What can you do at 50 yards, standing, offhand?

(I have to admit that I am no longer any kind of offhand MOA shooter, although I still possess a MOA bolt-action rifle, and a two-MOA semi-auto, as well. Age has taken its toll.)


----------



## hillman (Jul 27, 2014)

Nice gun, nice target. And yeah, 50 yards in still air - otherwise no changes - is the target I'd like to see.


----------



## SailDesign (Jul 17, 2014)

Steve M1911A1 said:


> OK, Sail, you have a MOA rifle that raises my *envy*. (And a _very_ nice target, too!)
> But the _real_ question is: "Are _you_ a MOA shooter?"
> 
> That question cannot be answered at 25 yards.
> ...


Yes, and No. Mostly no, sadly....

Bench, bipod, probably. I shot one today that was sweet (until the last shot, when the guy in the lane next to mine, with the black powder cannon, pulled off a round just as my finger was tightening on my 1/2-lb trigger... Need I say more? That's my excuse, but it really ain't a MOA group (and I'm too honest to claim it was a 4-shot grouping, much as i'd like to).

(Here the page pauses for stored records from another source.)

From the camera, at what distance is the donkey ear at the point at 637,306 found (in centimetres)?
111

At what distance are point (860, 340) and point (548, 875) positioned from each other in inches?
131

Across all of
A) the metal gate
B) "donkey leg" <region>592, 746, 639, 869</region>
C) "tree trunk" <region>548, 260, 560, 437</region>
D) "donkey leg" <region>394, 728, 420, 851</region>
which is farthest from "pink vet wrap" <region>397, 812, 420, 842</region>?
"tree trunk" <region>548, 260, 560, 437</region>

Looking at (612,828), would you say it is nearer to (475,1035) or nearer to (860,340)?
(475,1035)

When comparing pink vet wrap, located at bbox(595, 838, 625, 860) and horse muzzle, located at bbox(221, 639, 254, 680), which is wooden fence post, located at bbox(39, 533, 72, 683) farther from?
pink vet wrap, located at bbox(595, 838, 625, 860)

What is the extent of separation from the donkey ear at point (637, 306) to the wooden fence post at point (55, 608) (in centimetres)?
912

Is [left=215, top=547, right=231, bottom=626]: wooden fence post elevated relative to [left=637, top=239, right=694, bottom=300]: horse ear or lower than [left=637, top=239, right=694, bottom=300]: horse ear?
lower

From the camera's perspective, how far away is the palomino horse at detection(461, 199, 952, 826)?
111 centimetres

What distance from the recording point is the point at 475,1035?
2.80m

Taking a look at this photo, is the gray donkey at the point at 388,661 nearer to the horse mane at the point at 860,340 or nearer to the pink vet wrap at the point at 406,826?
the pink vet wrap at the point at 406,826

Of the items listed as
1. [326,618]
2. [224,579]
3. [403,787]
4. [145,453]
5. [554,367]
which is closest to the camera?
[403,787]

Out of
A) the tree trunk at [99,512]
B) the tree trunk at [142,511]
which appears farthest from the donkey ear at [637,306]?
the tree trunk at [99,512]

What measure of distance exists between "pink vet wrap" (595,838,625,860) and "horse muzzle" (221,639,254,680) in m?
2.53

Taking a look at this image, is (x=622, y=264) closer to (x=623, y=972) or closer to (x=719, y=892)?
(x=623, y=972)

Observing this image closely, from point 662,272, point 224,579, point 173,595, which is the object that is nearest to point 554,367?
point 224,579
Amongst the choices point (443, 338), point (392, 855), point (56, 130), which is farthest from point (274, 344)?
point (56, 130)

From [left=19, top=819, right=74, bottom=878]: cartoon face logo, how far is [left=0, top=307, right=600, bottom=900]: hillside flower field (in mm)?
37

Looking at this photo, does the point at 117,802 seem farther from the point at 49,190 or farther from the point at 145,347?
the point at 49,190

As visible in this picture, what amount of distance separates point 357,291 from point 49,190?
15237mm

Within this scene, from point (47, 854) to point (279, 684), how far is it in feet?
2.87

Standing, offhand? Fuggedabahttit! 

Once, maybe. not any more - and that's fine with me. Especially with a 12 lb gun - although with the scope she's probably up to a Baker's Dozen now.


----------



## SailDesign (Jul 17, 2014)

hillman said:


> Nice gun, nice target. And yeah, 50 yards in still air - otherwise no changes - is the target I'd like to see.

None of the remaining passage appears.